===== INFORMATION GIVEN =====

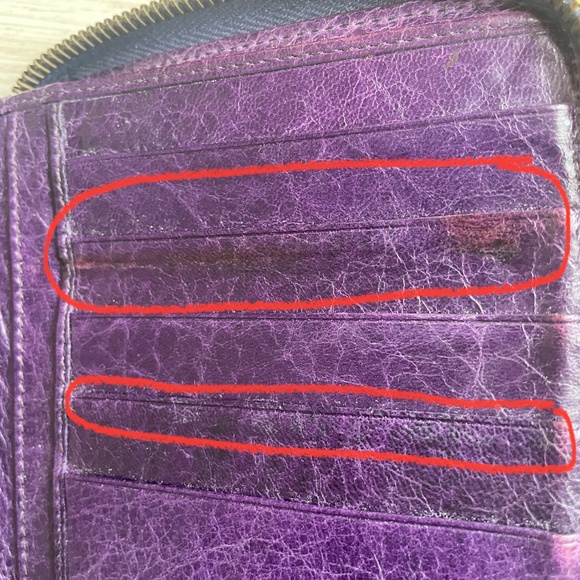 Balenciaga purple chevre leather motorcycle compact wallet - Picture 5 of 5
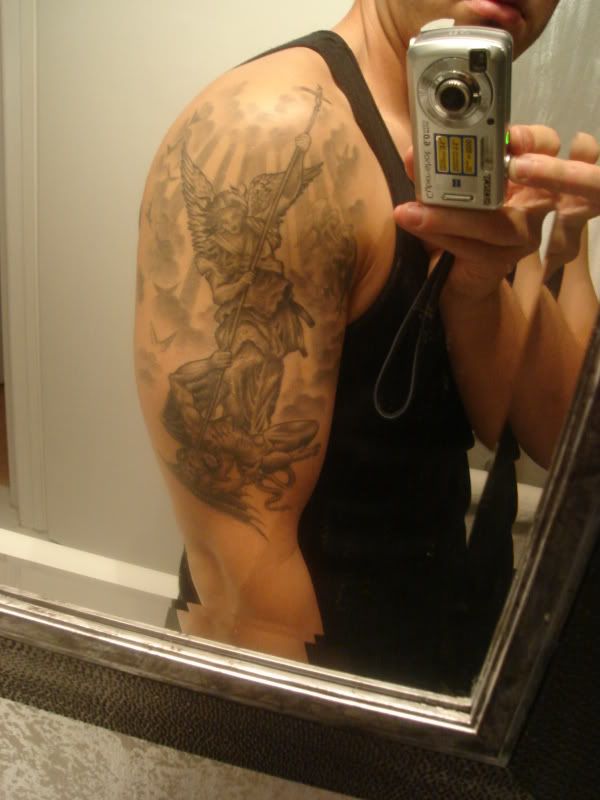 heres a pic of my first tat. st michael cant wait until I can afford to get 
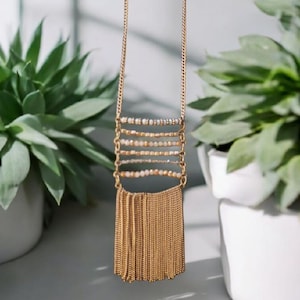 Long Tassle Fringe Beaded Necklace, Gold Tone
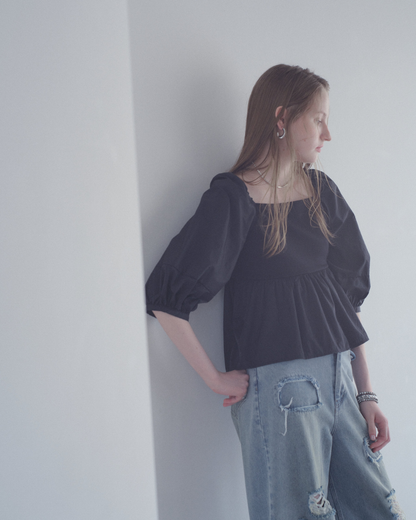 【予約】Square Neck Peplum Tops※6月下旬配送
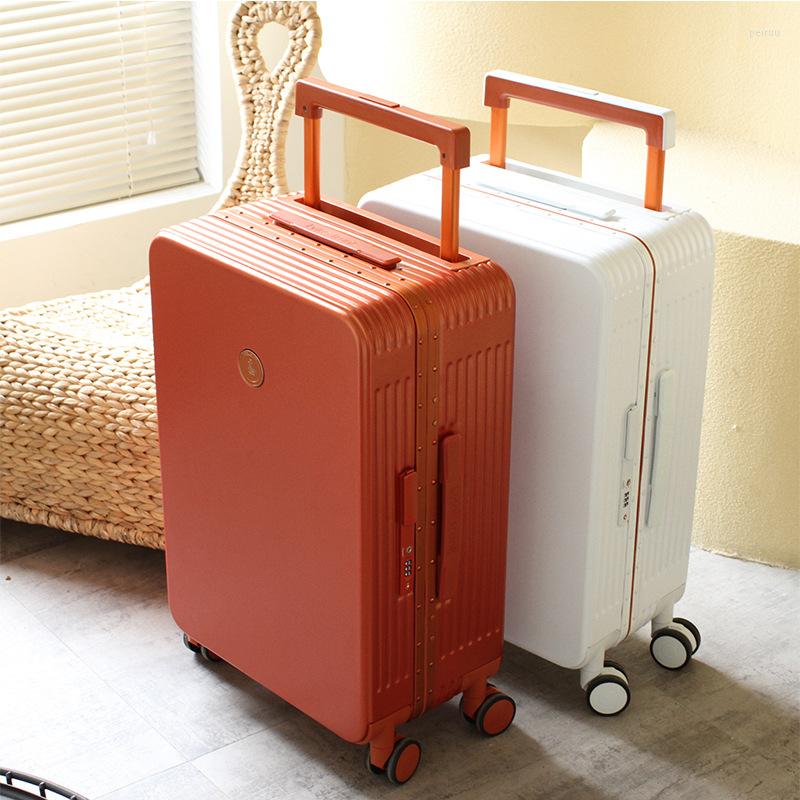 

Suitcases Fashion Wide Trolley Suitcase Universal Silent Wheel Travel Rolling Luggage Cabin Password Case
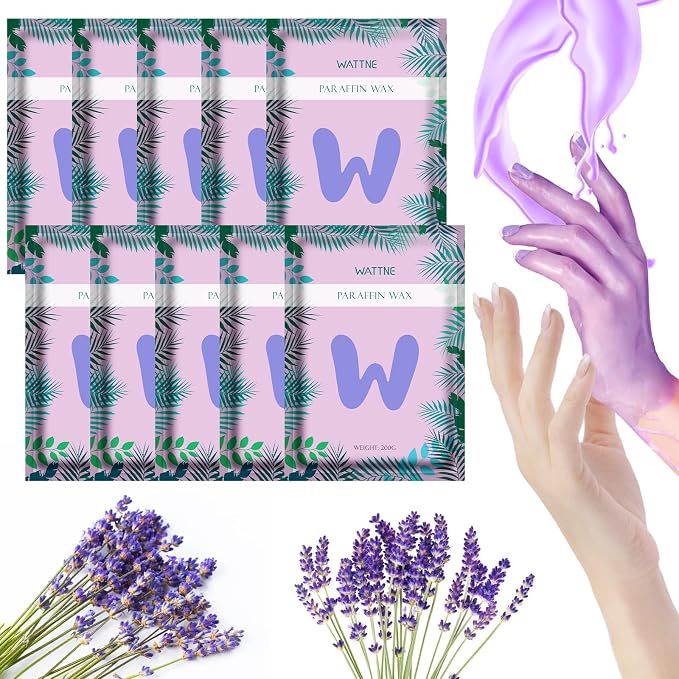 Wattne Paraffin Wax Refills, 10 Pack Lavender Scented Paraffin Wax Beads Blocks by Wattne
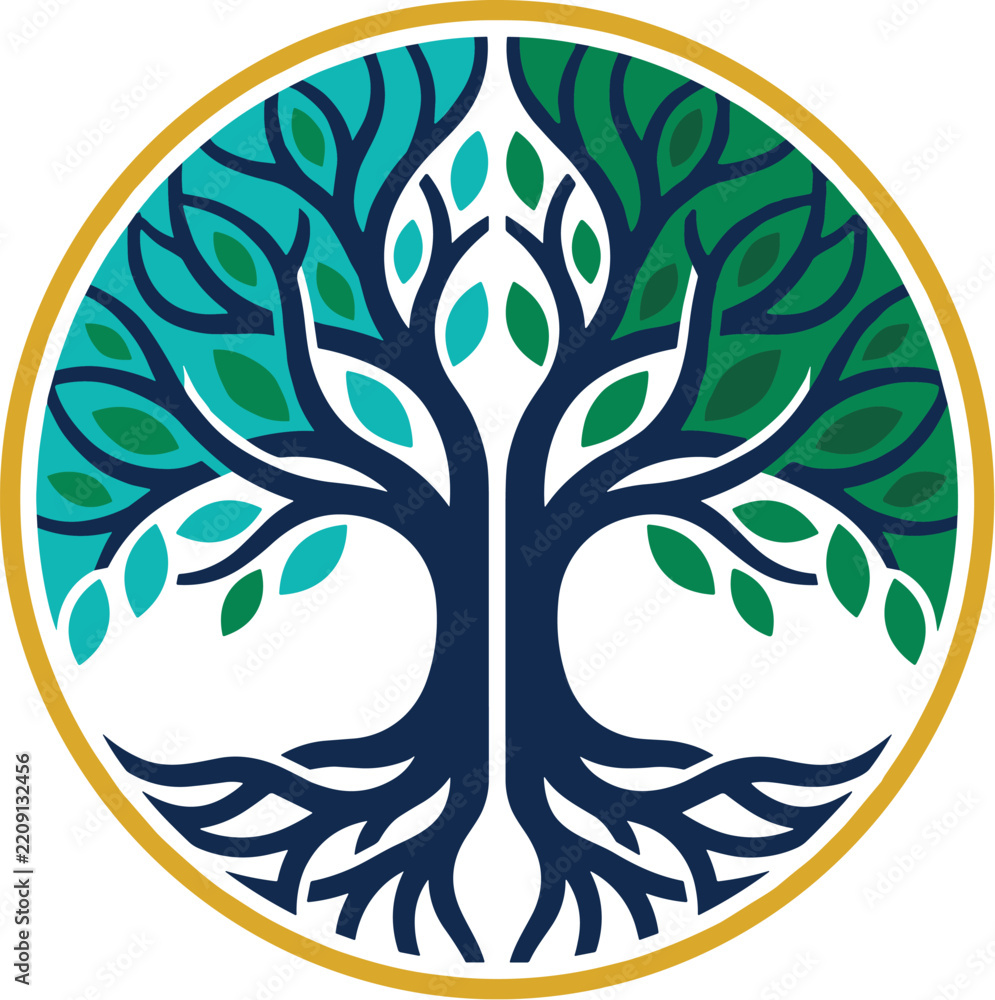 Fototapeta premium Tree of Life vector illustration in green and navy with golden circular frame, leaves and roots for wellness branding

=====
===== INFORMATION GIVEN =====

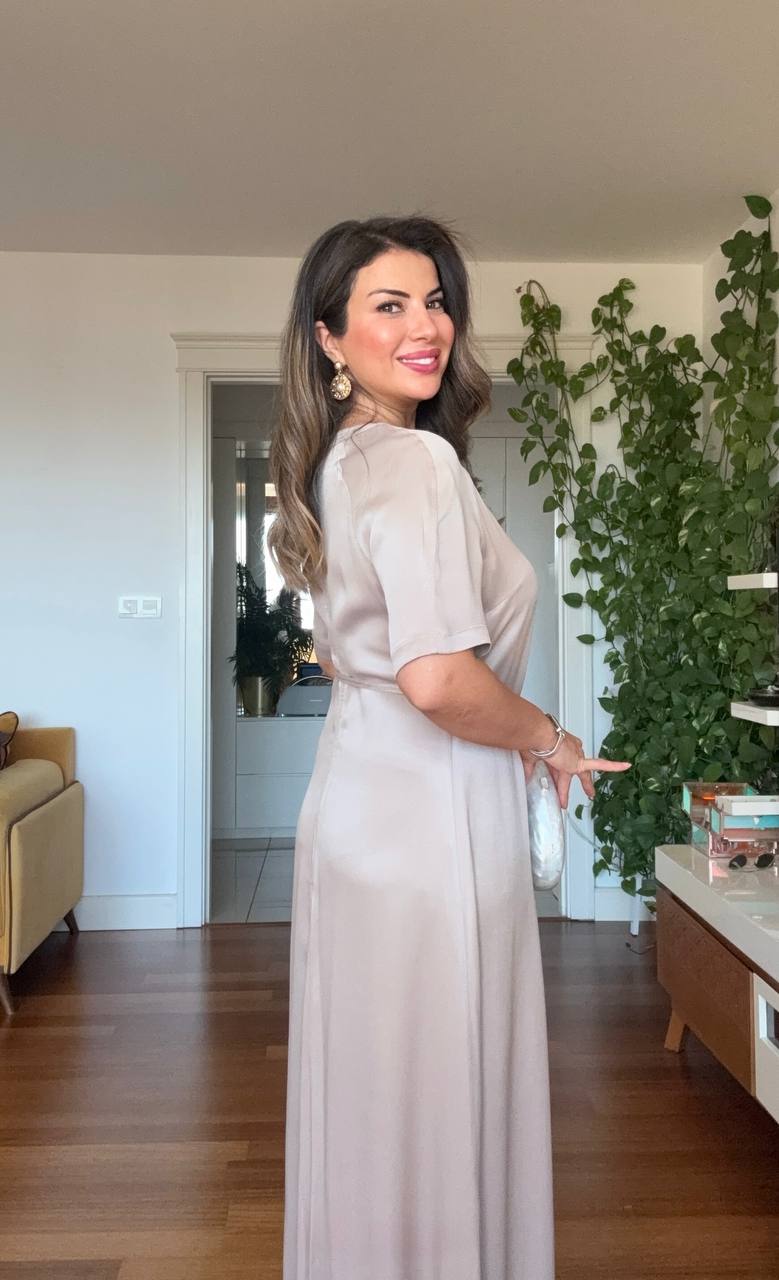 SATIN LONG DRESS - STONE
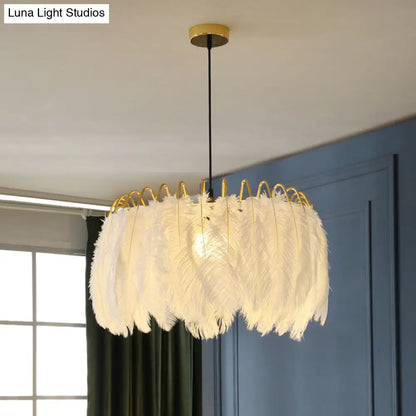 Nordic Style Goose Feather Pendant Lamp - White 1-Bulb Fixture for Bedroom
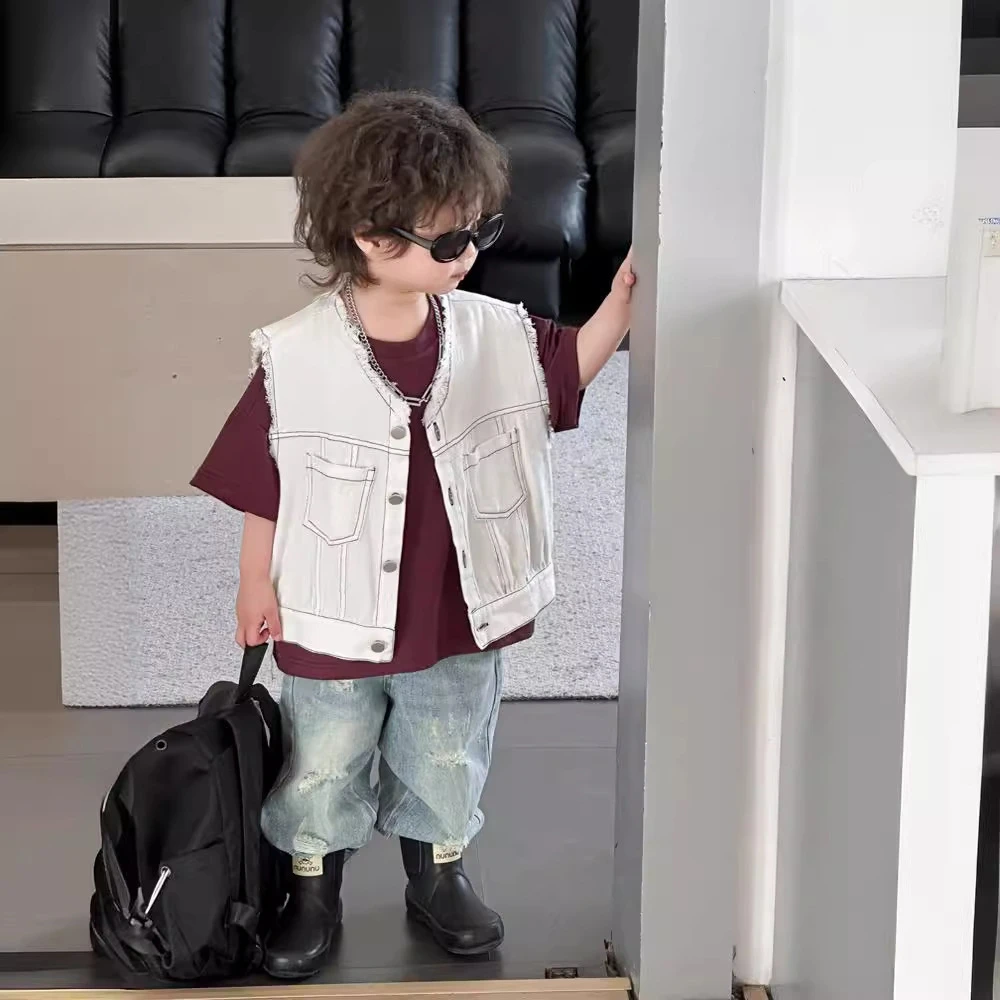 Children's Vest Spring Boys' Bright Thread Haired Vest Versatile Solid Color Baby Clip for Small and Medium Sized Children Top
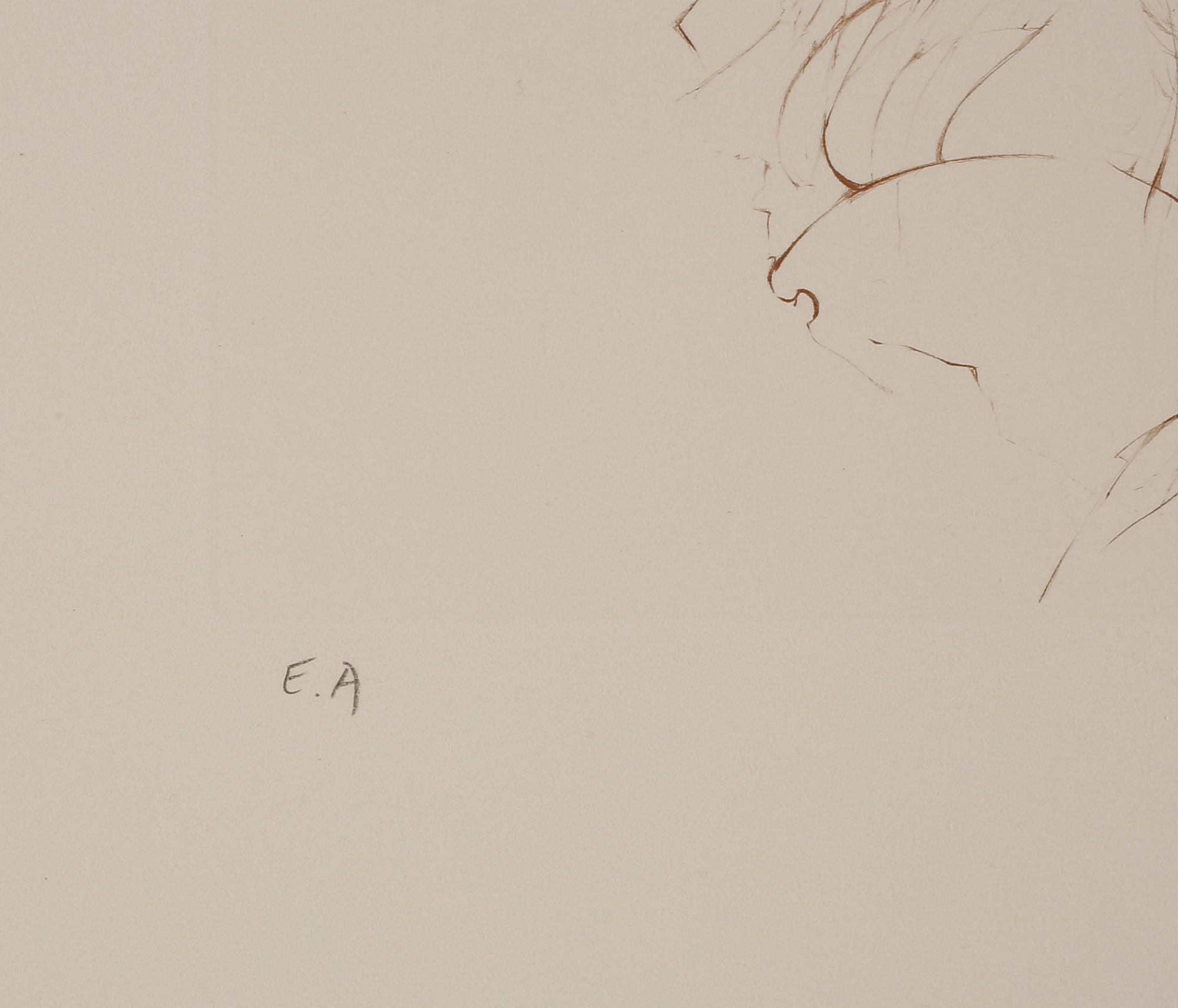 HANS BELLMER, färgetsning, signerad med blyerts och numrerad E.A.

=====

**REQUIRED WORK**: Take only the lines above from the one that has "Balenciaga purple chevre" through the one that has "Wattne Paraffin Wax" and reproduce them exactly, omitting any pictures.

**REPLY TO THE EXERCISE**:
 Balenciaga purple chevre leather motorcycle compact wallet - Picture 5 of 5
 heres a pic of my first tat. st michael cant wait until I can afford to get 
 Long Tassle Fringe Beaded Necklace, Gold Tone
 【予約】Square Neck Peplum Tops※6月下旬配送

Suitcases Fashion Wide Trolley Suitcase Universal Silent Wheel Travel Rolling Luggage Cabin Password Case
 Wattne Paraffin Wax Refills, 10 Pack Lavender Scented Paraffin Wax Beads Blocks by Wattne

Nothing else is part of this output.